Что плохо — медленно. Что хорошо — верно.
16/ХII. Любовь — это идея.
31 декабря. Последняя запись в этом году. Их и было-то всего ничего: год был плохой, дрянь был год, сволочной был год — для меня, по крайней мере.
Итогов нет. Не писал. Почти не писал. Повесть, начатую 14 марта, стал переписывать в октябре в Ялте и застрял в начале.
Побывал в этом году в Волгограде, в Ялте, Вологде, Кисловодске, Пятигорске, Кирове, но это ничего не значит. Не писал, почти не писал, плохо! Виноват в этом полностью, хотя могу оправдать себя на 200 процентов. Есть уничтожающее правило — некогда писать, значит — не писатель.
Желаю себе в этом году:
— Уйти из штата.
— Докатить пьесу до рампы.
— Кончить повесть. Дописать. Написать.
Вот хотя бы это. Это минимум. Если побольше, то
— Сдать 2-ю книгу, получить договор. В “Малыше”. Всё это может сорваться, но всё себе прощу, если буду писать. И регулярно. И с результатом.
Всё на этот год.
Как раз сегодня получил договор из “Сибирских огней”.

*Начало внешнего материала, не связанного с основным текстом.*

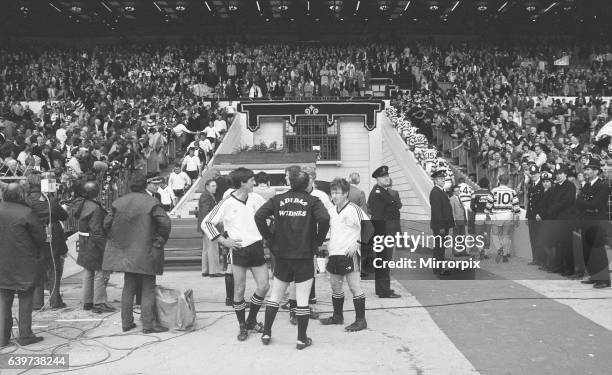 Widnes and Hull players are presented to the Royal Box following their 14 - 14 Rugby League Cup draw at Wembley 2nd May 1982.
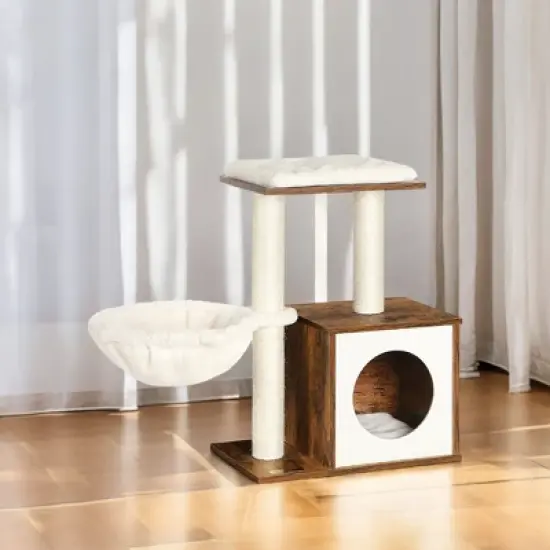 WoodyWonders Cat Tree for Kittens, Modern Cat Tower for Indoor Cats, Cat Condo with Scratching Posts, Removable Washable Cushions, Rustic Brown image {6}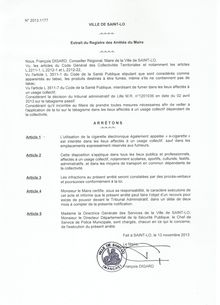 Arrêté préfectoral de la ville de Saint-Lô interdisant la cigarette électronique dans les lieux communaux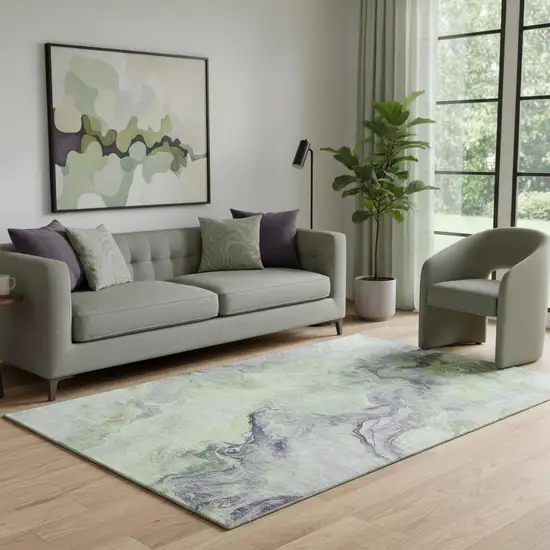 Artichoke Green Silver And Lavender Abstract Washable Area Rug With UV Protection Photo 2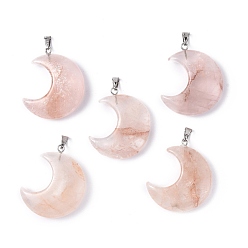 Другие Кварцы Подвески из натурального гематоидного кварца, Луна прелести, с латунной фурнитурой платинового цвета, 30.5x27x9 мм, отверстие : 4x3 мм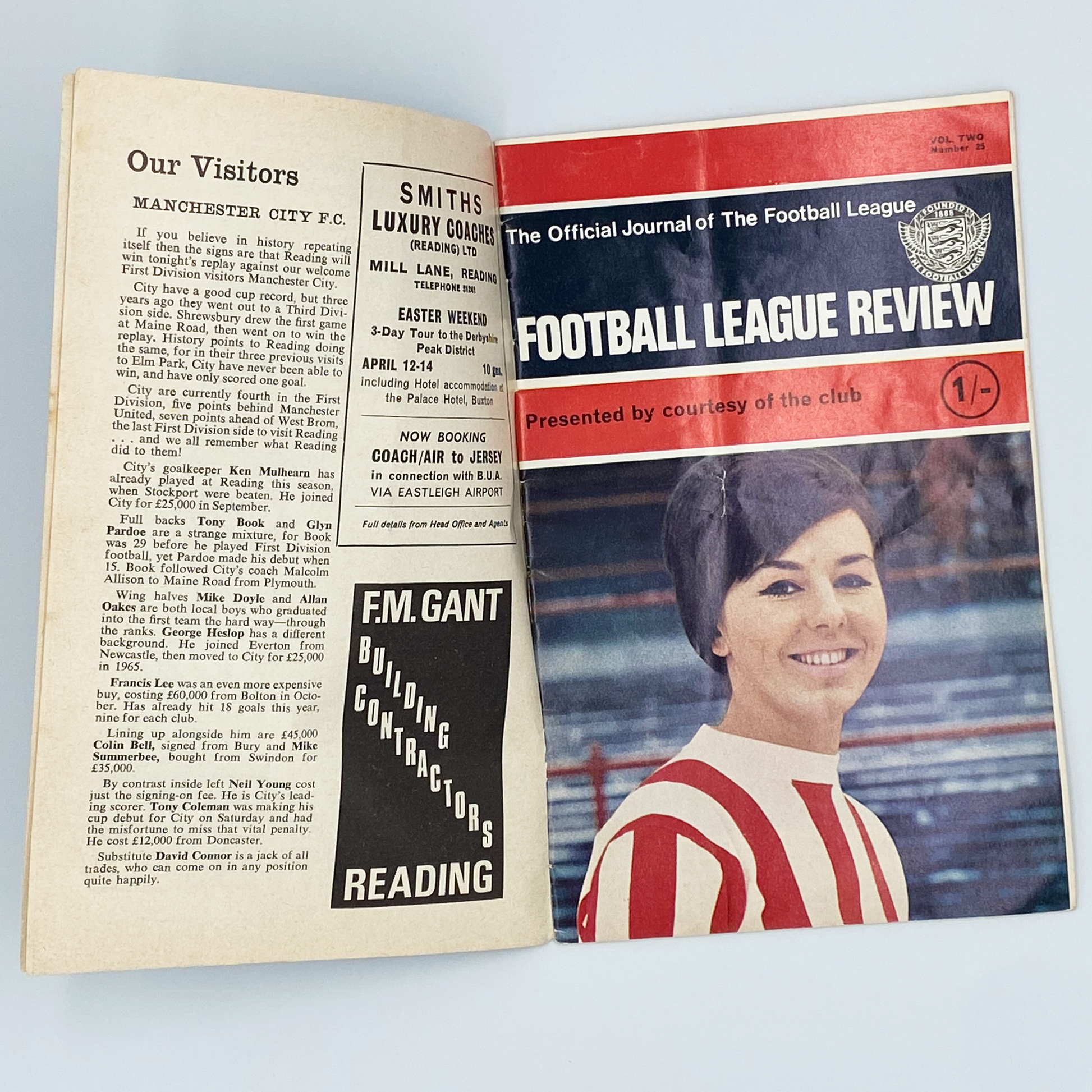Reading vs Manchester City Programme (31 January, 1968)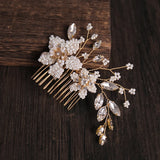 2 Pcs Pearl Crystal Bridal Hair Combs Wedding Hair Accessories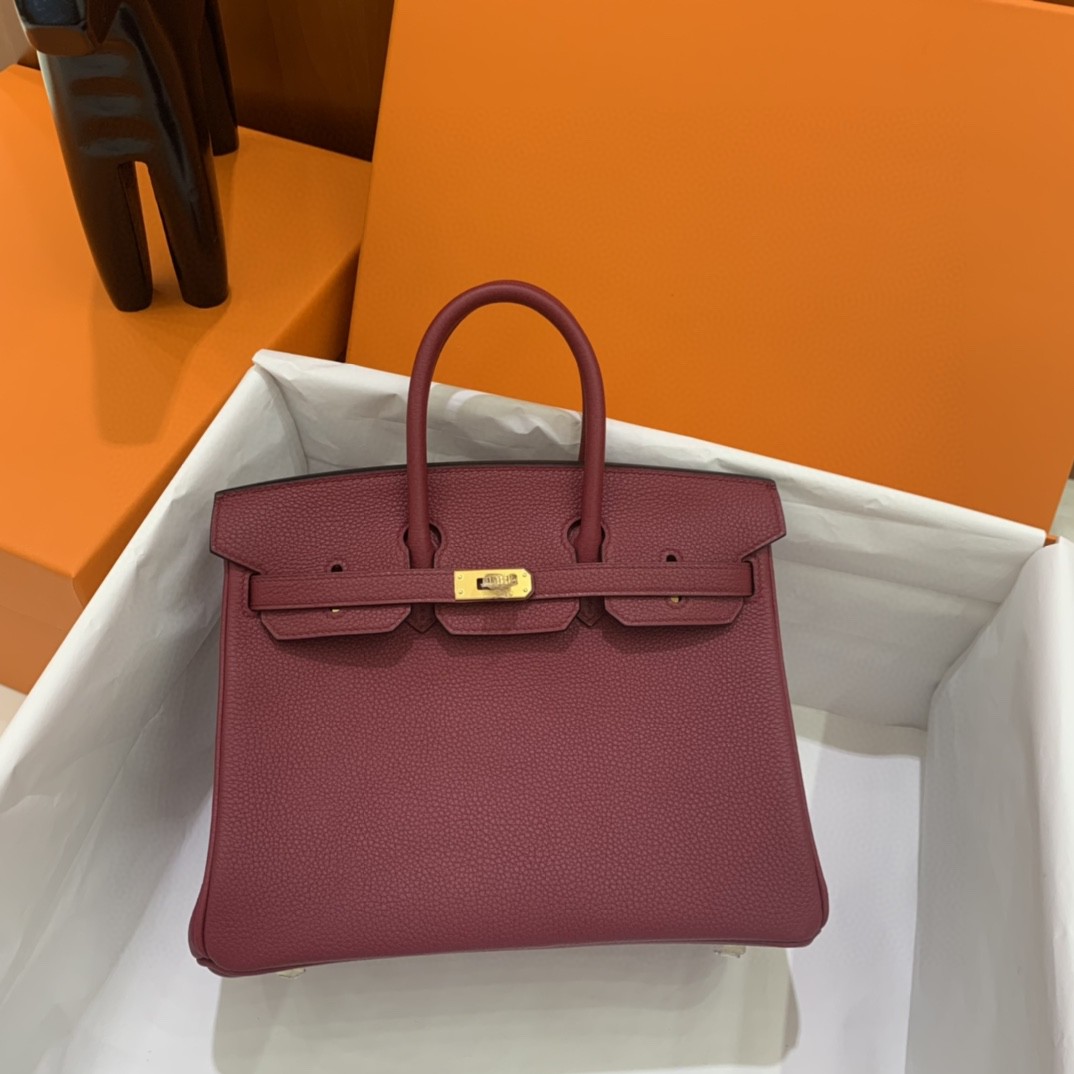 Hermès（爱马仕）Birkin 铂金包 Togo K1 石榴红 金扣 25cm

Обычная приподнятость и ожидание чего-то сменилось спокойной мыслью — ждать нечего, надо работать. Звонил Жуков Анатолий. Много звонят, желают всего самого хорошего, и я так много желаю всем всего хорошего, и все вокруг так трогательно обновляются и ждут хорошего, что кажется, уже и не будет плохого.
Я как будто из будущего: всё настоящее пережил.